Don’t try and re-write it.

Instead, write it again … fresh and new. The feelings, emotions, and words are still within you, just let them flow freely and let them inspire you.

Just so that you don’t have this problem again, note that Word has an option to save a backup file (Tools | Options | Save | Always create backup copy), and another option to save versions (File | Versions).

Well there was the 4-5 pages of dense conference paper material that I hadn’t saved that Open Office decided to choke on. And try to recover. And choke on. And try to recover. And choke on. Luckily I managed to recover it manually after an hour of wrestling with it or so, but still.

Uhmmm, yeah. It is very similar to the feeling you get when you hear the hard drive with the one and only copy of eleven years worth of your research data start going “gggrrrrcccchhhrrruuuunnnccchhhhh!.” It is similar to the feeling that you get when you realize you just heard the sound of your entire grad school career being trashed, and you drop out of grad school for a decade because it takes that long to work up the internal will to start all over again. It is very similar to the feeling that makes you smack yourself really, really hard in the forehead for not listening to all those stories about horrific disk drive failures, and thinking that “it will never happen to me,” and failing to learn from the mistakes of others.

Please, nobody make the same error. Learn from these mistakes. Backup your work - often.

-dave

And now you know why Dave uses a Mac…
(not that they’re any less prone to disc failure)

I just remembered that people wanted me to tell them how the rewriting of my essay went.

Well, I’ve completed it after a week and a few days, the amount of pages were the same as the last version, except that in the last version I was missing one subject in the essay which I haven’t finished it. In the new one I finished it and it was about 9 pages for the single subject.

All in all, I feel that the new version is much mroe advanced and professinal, in the terms that I was able to express myself better and correctly. I’m proud of my 34 page essay about my review of the FIRST project last season! :smiley:

I’d upload the file, but it’s in hebrew, sorry.

Thanks for the encourgment all! Doubt I would’ve done it again without you. :slight_smile:

Gratz on the Paper, i hope you think its much better then the last!

:smiley: Good Luck

Wonder how hard it would be to find a translator in the CD/FIRST community…
I would love to read your paper and I’m sure others would, too.

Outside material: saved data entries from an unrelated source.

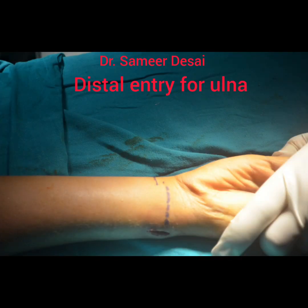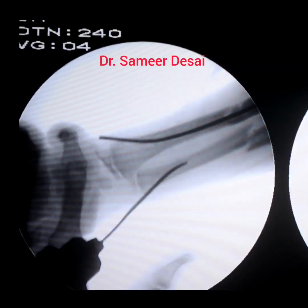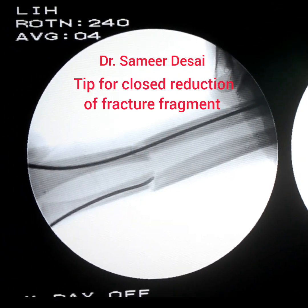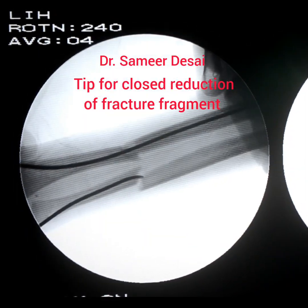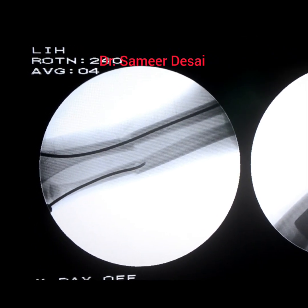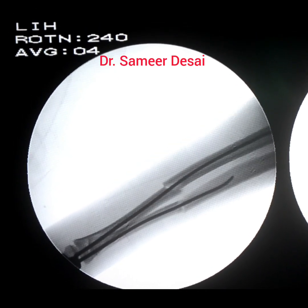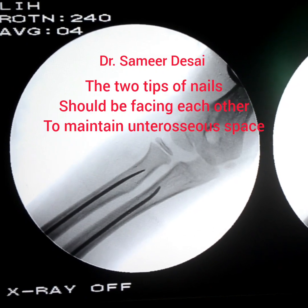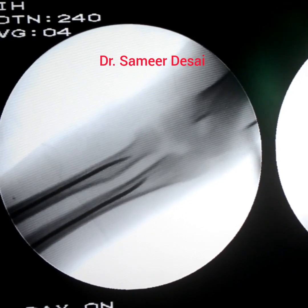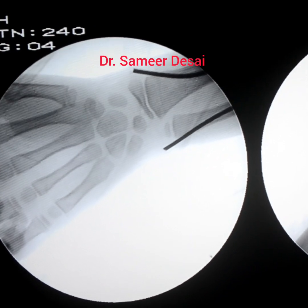Over here we are going to use the distal entry for the ulna. We are now going to demonstrate how to reduce the fracture. Advance the nail, rotate the nail towards the proximal fragment, enter the proximal fragment, and then rotate the nail again so as to reduce the fracture fragment. Advance the nail in such a fashion that the tips of the nail should be facing each other to maintain the interosseous space. This is the final picture.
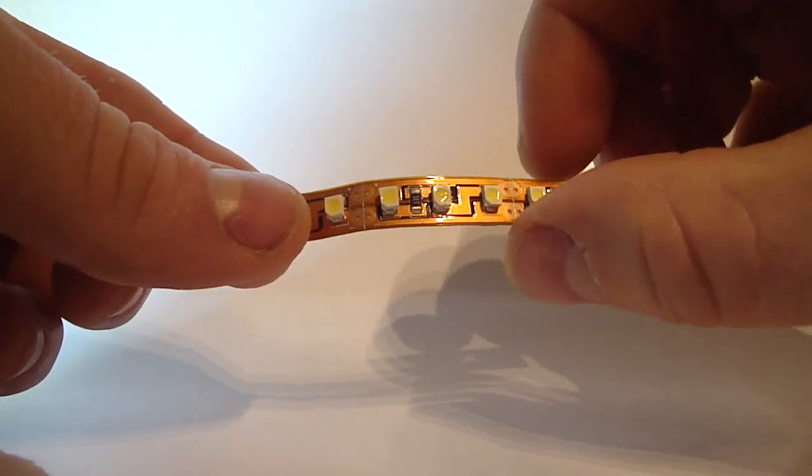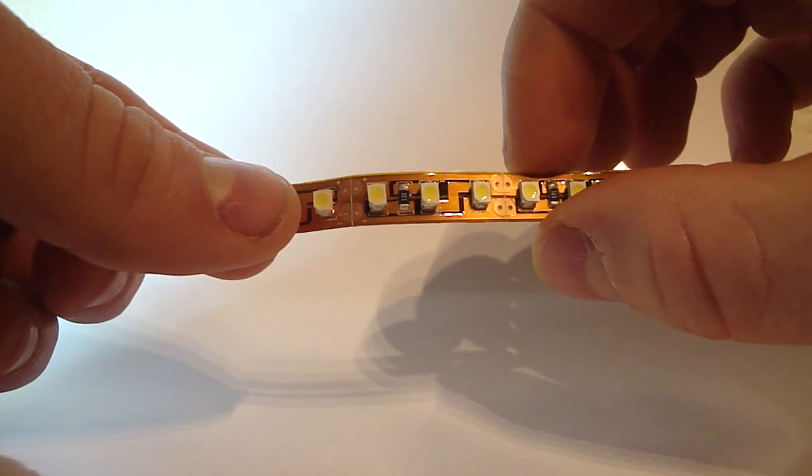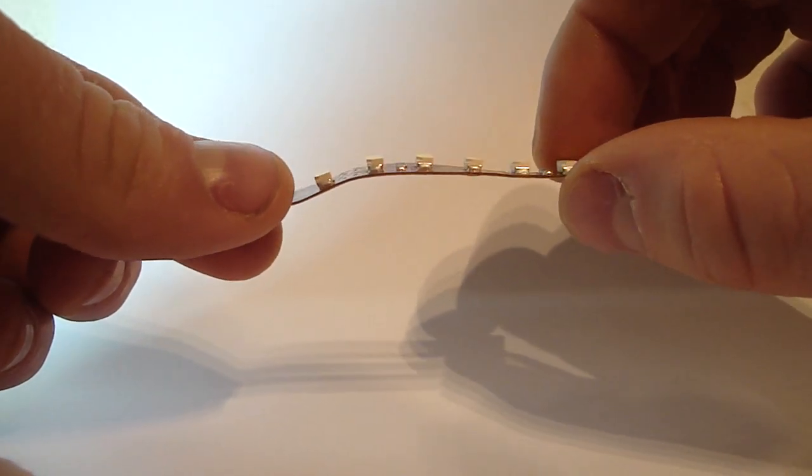But when turned this way, it does not flex. Hopefully that gives you a better understanding of how flex strip LEDs flex.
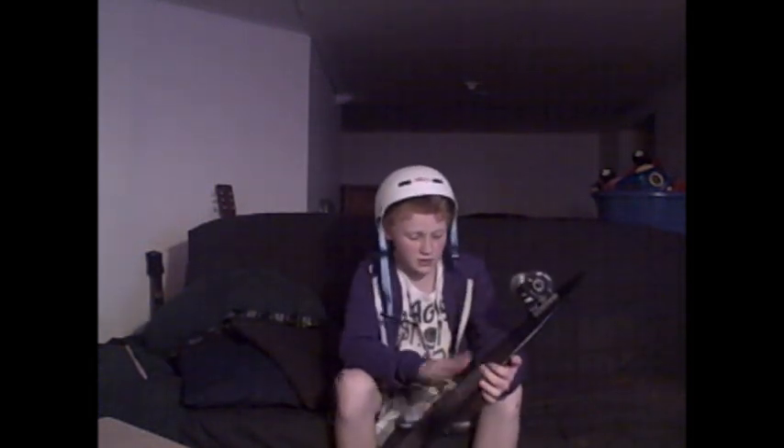I got this longboard off eBay. eBay doesn't usually sell to Canada — it usually just ships to the United States — but I got really lucky with this one. It shipped to Canada. I bought it off this company in Iowa; I forget the name.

The loss has become your gain in that you found you cared enough to write again and that the final results are improved. Congratulations on sticking with it.
Jane

That is great. You can do this with software too !!

Write a neat C program to do something. Then throw it completely away and do it again from memory. It will make you a better writer, or coder.

:yikes: uhh…heh, that might be quite a challenge. :yikes:

I can work on translating it soon. Got a holiday coming up with lots of free time, so if you guys want, I’ll do it! :slight_smile:

My condolences, but perhaps it is better that you learn the importance of back up copies with this document, rather than one of great commercial value for an employer or design that you are working on in the future.

As a teacher I occasionally have students ignore my oft-repeated lectures on the importance of back-ups, only to loose a file they have spent weeks preparing, and I can only advise them that if the only lesson they ever remember from my course is to make back-ups, then their time in the class was probably worthwhile.